Hallo Eva,
"Von jenem Zeitalter an bis zur Gegenwart demonstrierte der
Koran solch unübertroffene Beredsamkeit, dass er den Wert der
berühmten Oden „Sieben Hängende Gedichte“ der berühmten
Lyriker, die in Gold an den Wänden der Kaaba geschrieben
waren, so herabminderte, dass die Tochter des Labid ihres
Vaters Gedicht von der Kaaba herunternahm und sagte:
"Verglichen mit den Versen des Koran hat dies nicht länger
irgendeinen Wert. "
ich antworte Dir mal mit dem Wissen, das ich aus zweiter Hand von meiner Freundin habe, die M.A. Arabistik ist.
Ein beduinischer Dichter hörte, dass ein gewisser Vers
rezitiert wurde "So tue kund, was dir geheissen ward, und
kehre dich ab von den Götzendienern. "18 und warf sich sofort
nieder. Sie fragten ihn: „Bist Du ein Moslem geworden?“ "Nein’
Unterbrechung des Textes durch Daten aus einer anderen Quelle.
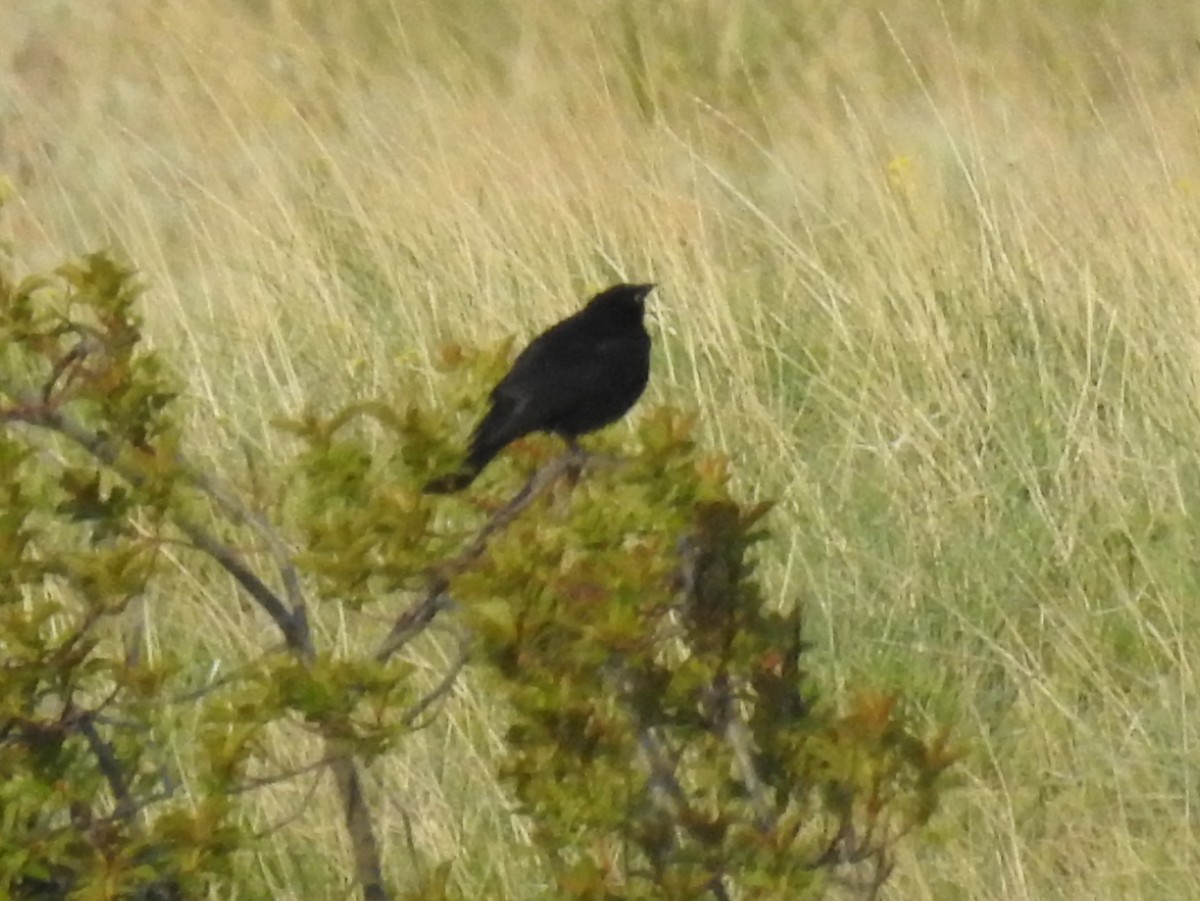 Brewer's Blackbird - ML60936891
; sagte er, "ich verbeuge mich vor der unübertroffenen
Beredsamkeit dieses Verses. "
ein der arabischen Sprache nicht selbst Kundiger kann nicht verstehen, in wieweit Koranverse schön oder nicht schön im Sinne von sprach-schön sind.
Gleichzeitig kommt bei allem, was in der Zeit der Nach-Koran in arabischer Sprache geschrieben wurde zum Tragen, übrigens genau wie bei der Bibel, dass die religiösen Inhalte und damit ihre Sprache grundsätzlich für das Wertvollste überhaupt gehalten wurden.
Es gibt also eine Art Sprachkanon, der sich am Koran ausrichtet. DAS kann kein Mensch übertreffen, mit keiner noch so schönen Sprache, weil die Sprache des Korans göttlich ist.
Tausende von Gelehrten und Schriftstellern, wie beispielsweise
die Genies der Wissenschaft der Rhetorik,so Abdulqadir
Jurjani(engl. Schreibw.,sprich: Dschurdschani, Sekkaki und
Zemahsheri (engl. Sch.) haben einmütig und einhellig
geurteilt, dass die unübertroffene Beredsamkeit des Koran
jenseits der menschlichen Kapazität und unerreichbar ist."
wie willst Du denn besser sein, als Engel? Mohammed hat ja den Koran nicht selbst geschrieben. Er ist ihm offenbart worden.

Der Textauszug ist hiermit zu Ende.